Şimdi Cafer, senin amca oğlunun şirketinin yaptığı işlem Kiralamalar Standardı TFRS 16 kapsamında şirketin finansal tablolarında muhasebeleşecek. Amca oğlunun şirketi “satıcı-kiracı” (the seller-lessee), binayı alıp amca oğluna kiraya veren de “alıcı-kiraya veren” (the buyer-lessor) olarak tanımlanacak. İşlemin nasıl muhasebeleşeceği ise varlığın devrinin bir satış işlemi olarak değerlendirilip değerlendirilmemesine bağlı olarak değişecektir.
Bu iş satış değildir, Cafer
Cafer: “Abla, binayı sattılar, parayı ceplerine koydular diyorum. Sattı mı, satmadı mı diye neden sorayım ki?”
Sen de haklısın Cafer ama UFRS/TFRS’lerde bu işlemin satış işlemi olarak kabul edilmesi için UFRS/TFRS 15 Hasılar standardı paragraf 31-34 ve 38’de yer alan kriterlere uyması, özetle varlığın kontrolünün karşı tarafa geçmiş olması gerekir.

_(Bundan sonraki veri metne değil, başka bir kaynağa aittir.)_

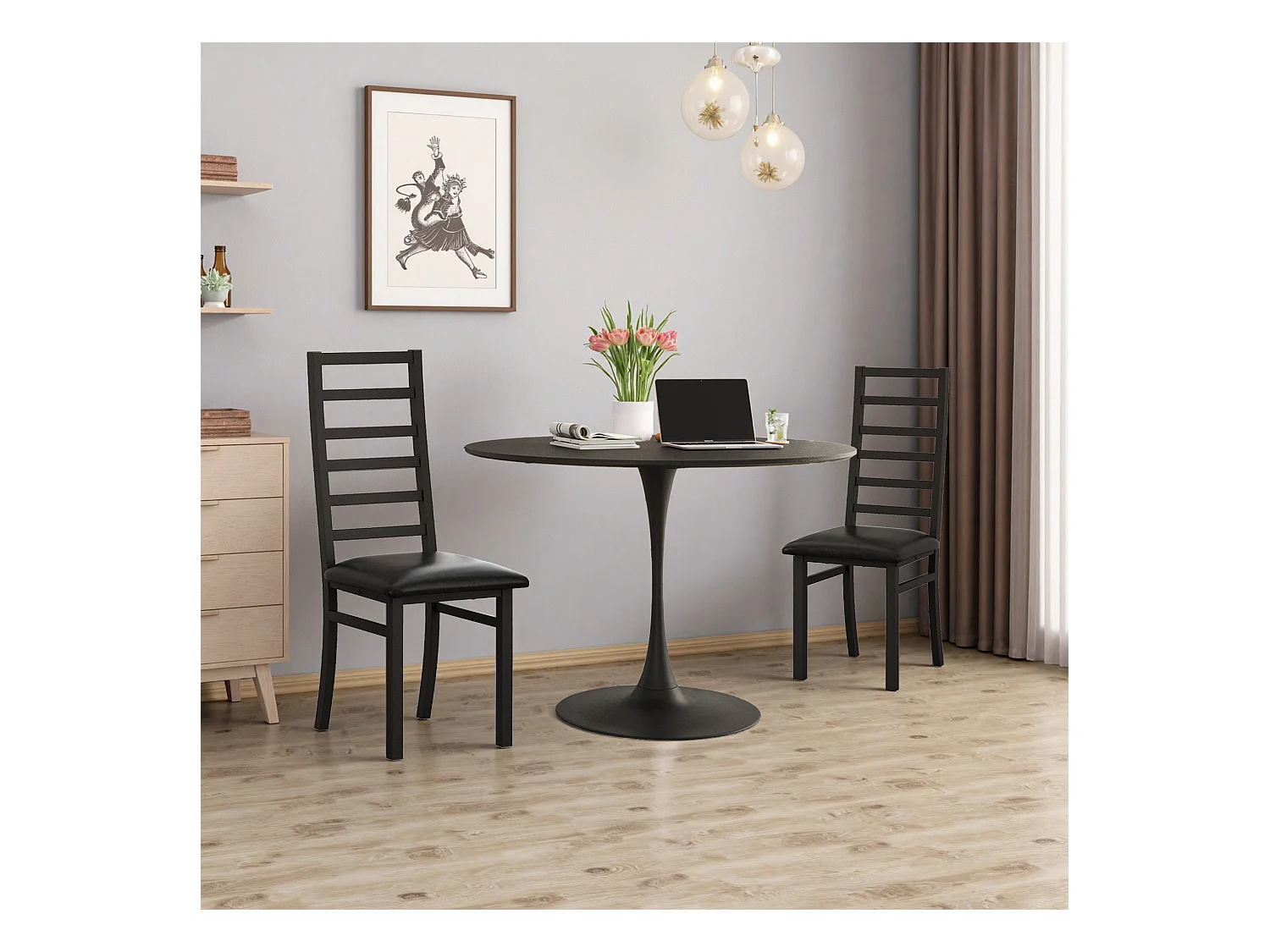 Chaises de salle à manger métal, design épuré, PU simili cuir, pieds en acier, noir (40x47x107 cm)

Cafer: “UFRS’de işlem satış kabul edilmezse ne olacak ki, atı alan Üsküdar’ı geçmiş. Para çoktan amca oğlunun şirketin hesaplarına geçmiş.”
Evet doğru, parayı aldılar. Şirket, UFRS finansal tablolarda aldığı parayı “finansal yükümlülük” olarak kaydedecek, sattığını düşündüğü binayı da sabit kıymetlerinde tutmaya devam edecek.
Cafer: “Orta da satış falan yok diyorsun yani… Aklıma pek yatmadı ama öyle olsun. Peki işleme satış dersek ne olacak?
Satış olsun
Seni mi kıracağız Cafer, dediğin gibi olsun, işlem UFRS 15 kriterlerini değerlendirdiğimizde satış işlemi olarak değerlendirilsin. Bu durumda sözleşme “satış ve geri kiralama işlemi” olarak muhasebeleştirilecektir.
Varsayalım, şirket defterlerinde 1,000,000TL tutarındaki binayı, piyasa fiyatı olan 1,800,000TL’den sattı. Sonra da aynı binayı benden 5 yıllığına kiraladı.
Satıcı-kiracı yani amca oğlunun şirketi, geri kiralamadan kaynaklanan kullanım hakkı varlığını, elde tuttuğu kullanım hakkı varlığının önceki defter değeri oranı üzerinden ölçer ve defterlerine “kullanım hakkı varlığı- right of use asset” yazar. Oranı da ileride bana ödeyeceği kira ödemelerinin bugünkü değerini varlığın işlem tarihindeki makul değerine bölerek bulabilir. Bizim işlemde kira ödemelerinin bugünkü değeri 450.000TL dersek, şirket varlığın %25’ni kullanmaya devam ediyor demektir (450.000/1.800.000=%25), bu durumda da bilançosuna 250.000TL (1.000.000 *%25) tutarında kullanım varlığı yazması gerekir.
Kazanç var mı?
Cafer hemen atlayarak sordu: “Ablacım 1 milyonluk binayı sana 1,8 milyona satmış, sen hala şirket bu işten kar etmedi mi diyorsun?”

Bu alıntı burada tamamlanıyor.